Ma Lin is a fictional character in Water Margin, one of the Classic Chinese Novels. Nicknamed "Iron Flute Deity", he ranks 67th among the 108 Heroes and 31st among the 72 Earthly Fiends.

== Background ==
Originally from Jiankang Prefecture (present-day Nanjing, Jiangsu), Ma Lin is a highly-skilled fighter who specialises in using a pair of bronze sabres. He is also known for his expertise in playing the dizi (Chinese flute), which earns him the nickname "Iron Flute Deity".

== Joining Liangshan ==
Ma Lin is first introduced in the novel as one of four leaders of an outlaw group at Yellow Gate Hill (黃門山; in present-day She County, Anhui) along with Ou Peng, Tao Zongwang, and Jiang Jing.

When Song Jiang is following the outlaws of Liangshan Marsh back to their stronghold after they rescued him at Jiangzhou (江州; present-day Jiujiang, Jiangxi), they pass by Yellow Gate Hill.
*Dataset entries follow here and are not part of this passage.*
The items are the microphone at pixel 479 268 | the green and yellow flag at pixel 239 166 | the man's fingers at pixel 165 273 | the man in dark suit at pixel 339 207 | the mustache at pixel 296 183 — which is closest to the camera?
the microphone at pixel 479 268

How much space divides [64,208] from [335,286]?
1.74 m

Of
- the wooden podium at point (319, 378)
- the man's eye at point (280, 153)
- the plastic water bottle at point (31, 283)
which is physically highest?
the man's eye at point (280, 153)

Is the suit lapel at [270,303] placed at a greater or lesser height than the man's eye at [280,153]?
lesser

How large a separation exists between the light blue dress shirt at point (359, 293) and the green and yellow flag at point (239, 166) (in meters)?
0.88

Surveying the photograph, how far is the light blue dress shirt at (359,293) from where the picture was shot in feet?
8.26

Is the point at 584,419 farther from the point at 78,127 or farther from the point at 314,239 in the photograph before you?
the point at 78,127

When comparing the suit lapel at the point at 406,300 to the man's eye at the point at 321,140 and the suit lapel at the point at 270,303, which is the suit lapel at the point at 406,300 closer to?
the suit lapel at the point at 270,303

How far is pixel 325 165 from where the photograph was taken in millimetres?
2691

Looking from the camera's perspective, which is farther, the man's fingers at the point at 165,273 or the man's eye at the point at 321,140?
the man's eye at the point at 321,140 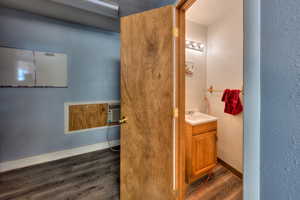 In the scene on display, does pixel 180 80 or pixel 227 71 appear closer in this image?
pixel 180 80

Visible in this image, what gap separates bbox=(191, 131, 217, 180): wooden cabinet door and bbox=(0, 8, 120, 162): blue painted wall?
1.84 m

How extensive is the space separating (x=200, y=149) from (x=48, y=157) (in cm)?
252

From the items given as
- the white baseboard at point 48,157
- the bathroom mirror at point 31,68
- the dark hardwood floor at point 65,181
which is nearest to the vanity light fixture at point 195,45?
the bathroom mirror at point 31,68

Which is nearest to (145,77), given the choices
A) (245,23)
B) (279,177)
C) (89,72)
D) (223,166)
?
(245,23)

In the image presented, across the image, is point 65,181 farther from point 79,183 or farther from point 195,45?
point 195,45

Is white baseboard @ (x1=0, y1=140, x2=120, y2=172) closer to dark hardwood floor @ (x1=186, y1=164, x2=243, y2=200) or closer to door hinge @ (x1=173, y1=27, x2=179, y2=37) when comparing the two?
dark hardwood floor @ (x1=186, y1=164, x2=243, y2=200)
Ma Lin and the other three leaders stop the group and ask to speak to Song Jiang, whom they have heard of and admire, and request to join Liangshan. Song Jiang agrees and takes the Yellow Gate Hill outlaws with him to Liangshan.

When the Liangshan outlaws are attacking the Zhu Family Village, Ma Lin engages Hu Sanniang, then an ally of the Zhus, in a duel on horseback, and earns Song Jiang's praise for his fighting skills.

== Campaigns and death ==
Ma Lin is appointed as a Tiger Cub Patrol Commander of the Liangshan cavalry after all the 108 Heroes are fully assembled. He participates in the campaigns against the Liao invaders and rebel forces in Song territory after the outlaws receive amnesty from Emperor Huizong.

During the final campaign against Fang La's rebel forces, Ma Lin is assigned to attack Black Dragon Ridge (烏龍嶺; northeast of present-day Meicheng Town, Jiande, Zhejiang). He is knocked off horseback while fighting with Bai Qin, and gets sliced in two by Shi Bao before he can get back on his feet.